The Indonesian Climbing Federation (Federasi Panjat Tebing Indonesia; abbreviated FPTI) is the national governing body for competition climbing in Indonesia. It is responsible for the administration and development of the sport, the organization of national competitions, and the management of Indonesian teams participating in international climbing events. In 1994, FPTI became the 50th member federation of the Indonesian National Sports Committee.

FPTI oversees national competitions in speed climbing, lead climbing, and bouldering, including the Indonesian national championships and national age-group championships. It also selects and manages Indonesian athletes for Asian and international competitions.
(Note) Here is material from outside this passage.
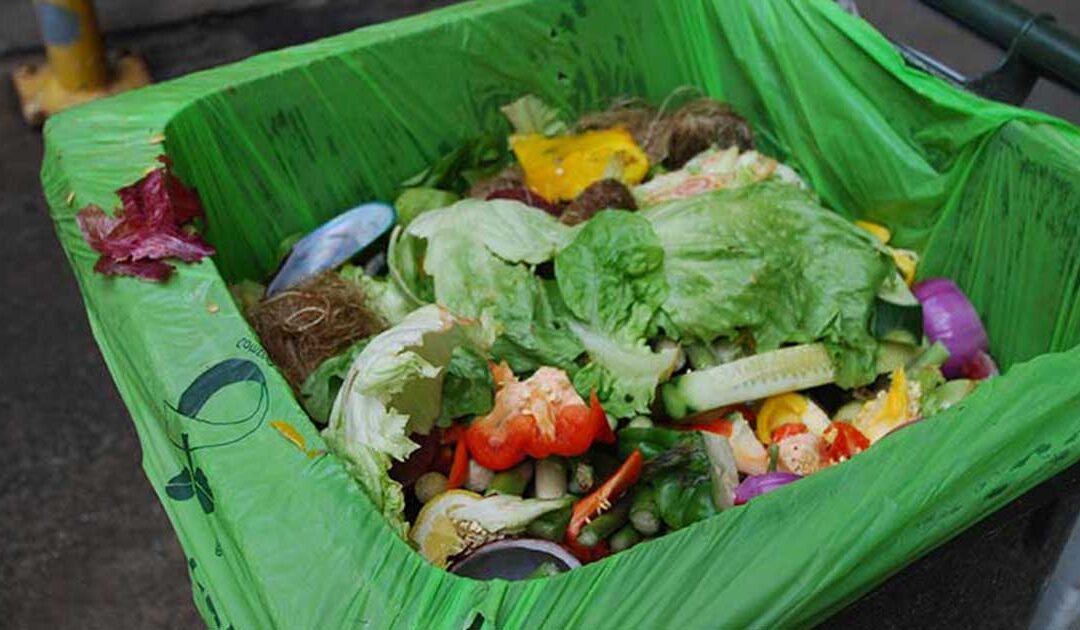 About International Compost Awareness Week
The federation oversees Indonesia's speed-climbing development program. Indonesian climbers have won medals at the Asian Games, World Cup events, world championships, and the Olympic Games. Indonesia won its first Olympic gold medal in sport climbing through Veddriq Leonardo in the men's speed event at the 2024 Summer Olympics.

The federation is led by its president, Zannuba Arifah, popularly known as Yenny Wahid, since 2019. She was also elected deputy chair of the Asian branch of the International Federation of Sport Climbing for the 2025–2027 term.